WORK ORDER ▸
Pick out each line below containing "artwork".
START DATA
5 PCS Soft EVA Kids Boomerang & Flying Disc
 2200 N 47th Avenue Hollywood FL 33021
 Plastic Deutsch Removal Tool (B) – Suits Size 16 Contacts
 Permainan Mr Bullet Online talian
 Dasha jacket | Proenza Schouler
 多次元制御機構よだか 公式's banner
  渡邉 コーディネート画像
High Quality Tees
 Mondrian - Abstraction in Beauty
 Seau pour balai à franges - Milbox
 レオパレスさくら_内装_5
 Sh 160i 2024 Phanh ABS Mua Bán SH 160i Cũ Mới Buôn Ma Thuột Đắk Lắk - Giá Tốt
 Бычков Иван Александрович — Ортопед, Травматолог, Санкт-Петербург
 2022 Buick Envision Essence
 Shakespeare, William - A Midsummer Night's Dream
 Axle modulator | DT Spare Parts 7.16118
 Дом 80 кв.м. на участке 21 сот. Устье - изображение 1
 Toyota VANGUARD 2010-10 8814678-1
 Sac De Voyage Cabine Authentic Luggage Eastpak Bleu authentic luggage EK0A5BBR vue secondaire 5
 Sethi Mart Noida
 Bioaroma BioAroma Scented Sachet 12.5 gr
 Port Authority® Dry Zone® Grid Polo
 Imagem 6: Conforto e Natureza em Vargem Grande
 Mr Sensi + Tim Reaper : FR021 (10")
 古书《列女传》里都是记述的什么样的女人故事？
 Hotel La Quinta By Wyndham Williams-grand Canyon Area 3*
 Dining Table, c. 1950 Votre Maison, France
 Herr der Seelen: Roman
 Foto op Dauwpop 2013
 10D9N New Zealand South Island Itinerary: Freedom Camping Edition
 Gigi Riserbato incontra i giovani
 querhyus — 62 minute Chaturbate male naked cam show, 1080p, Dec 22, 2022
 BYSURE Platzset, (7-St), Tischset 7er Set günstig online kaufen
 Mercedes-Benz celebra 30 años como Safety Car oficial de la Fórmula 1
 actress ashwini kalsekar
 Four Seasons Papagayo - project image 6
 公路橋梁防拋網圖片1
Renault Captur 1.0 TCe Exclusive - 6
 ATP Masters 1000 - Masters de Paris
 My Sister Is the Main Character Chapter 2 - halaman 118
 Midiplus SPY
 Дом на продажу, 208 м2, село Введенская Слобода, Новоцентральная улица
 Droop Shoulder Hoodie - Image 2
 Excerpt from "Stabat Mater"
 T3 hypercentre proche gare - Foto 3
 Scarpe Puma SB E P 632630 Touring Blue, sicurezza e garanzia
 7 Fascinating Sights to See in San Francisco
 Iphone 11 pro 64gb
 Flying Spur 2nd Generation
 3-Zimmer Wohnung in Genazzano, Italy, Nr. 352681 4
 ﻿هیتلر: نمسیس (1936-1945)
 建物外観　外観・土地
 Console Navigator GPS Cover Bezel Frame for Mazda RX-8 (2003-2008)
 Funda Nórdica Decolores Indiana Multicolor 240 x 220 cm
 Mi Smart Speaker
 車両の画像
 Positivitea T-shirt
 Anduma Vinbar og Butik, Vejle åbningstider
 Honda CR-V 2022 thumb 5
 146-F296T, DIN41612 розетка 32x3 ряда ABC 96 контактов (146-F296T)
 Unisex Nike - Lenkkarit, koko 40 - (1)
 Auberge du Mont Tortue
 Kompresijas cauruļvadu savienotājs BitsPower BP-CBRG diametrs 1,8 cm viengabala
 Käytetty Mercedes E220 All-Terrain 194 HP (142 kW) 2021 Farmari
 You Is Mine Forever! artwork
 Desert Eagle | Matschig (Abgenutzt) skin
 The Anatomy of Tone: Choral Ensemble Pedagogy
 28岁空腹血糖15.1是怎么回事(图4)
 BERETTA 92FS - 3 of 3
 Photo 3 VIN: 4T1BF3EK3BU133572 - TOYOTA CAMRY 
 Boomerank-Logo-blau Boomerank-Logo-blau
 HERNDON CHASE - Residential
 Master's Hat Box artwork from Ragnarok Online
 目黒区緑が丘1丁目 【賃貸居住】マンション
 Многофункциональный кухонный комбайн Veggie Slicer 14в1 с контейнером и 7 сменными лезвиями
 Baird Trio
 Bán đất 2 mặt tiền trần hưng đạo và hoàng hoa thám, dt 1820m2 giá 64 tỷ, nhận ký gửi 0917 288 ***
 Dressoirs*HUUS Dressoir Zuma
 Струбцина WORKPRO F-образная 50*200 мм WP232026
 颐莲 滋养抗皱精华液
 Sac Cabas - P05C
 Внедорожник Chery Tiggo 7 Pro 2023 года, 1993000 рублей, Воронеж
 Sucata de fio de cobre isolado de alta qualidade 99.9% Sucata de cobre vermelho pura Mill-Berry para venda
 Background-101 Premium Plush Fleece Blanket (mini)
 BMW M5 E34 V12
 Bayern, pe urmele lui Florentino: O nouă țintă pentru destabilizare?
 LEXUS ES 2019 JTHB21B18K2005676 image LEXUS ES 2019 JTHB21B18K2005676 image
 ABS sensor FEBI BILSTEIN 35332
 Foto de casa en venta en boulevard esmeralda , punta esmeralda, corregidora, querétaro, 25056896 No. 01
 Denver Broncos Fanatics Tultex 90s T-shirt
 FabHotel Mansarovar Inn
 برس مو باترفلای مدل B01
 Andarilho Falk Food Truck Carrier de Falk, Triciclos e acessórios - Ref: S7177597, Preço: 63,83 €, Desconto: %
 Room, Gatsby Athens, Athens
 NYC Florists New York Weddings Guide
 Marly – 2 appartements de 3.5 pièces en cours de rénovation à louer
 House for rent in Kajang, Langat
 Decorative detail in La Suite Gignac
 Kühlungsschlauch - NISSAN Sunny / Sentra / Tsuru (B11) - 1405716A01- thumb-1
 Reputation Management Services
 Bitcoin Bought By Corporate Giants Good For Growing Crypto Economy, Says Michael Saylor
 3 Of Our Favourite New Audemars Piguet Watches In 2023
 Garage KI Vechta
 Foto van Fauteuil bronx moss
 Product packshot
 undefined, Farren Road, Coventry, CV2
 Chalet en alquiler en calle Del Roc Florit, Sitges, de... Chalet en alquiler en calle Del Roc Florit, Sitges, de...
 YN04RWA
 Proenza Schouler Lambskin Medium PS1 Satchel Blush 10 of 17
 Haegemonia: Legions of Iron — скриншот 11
END DATA
RESPONSE TO THIS EXERCISE ▸
 You Is Mine Forever! artwork
 Master's Hat Box artwork from Ragnarok Online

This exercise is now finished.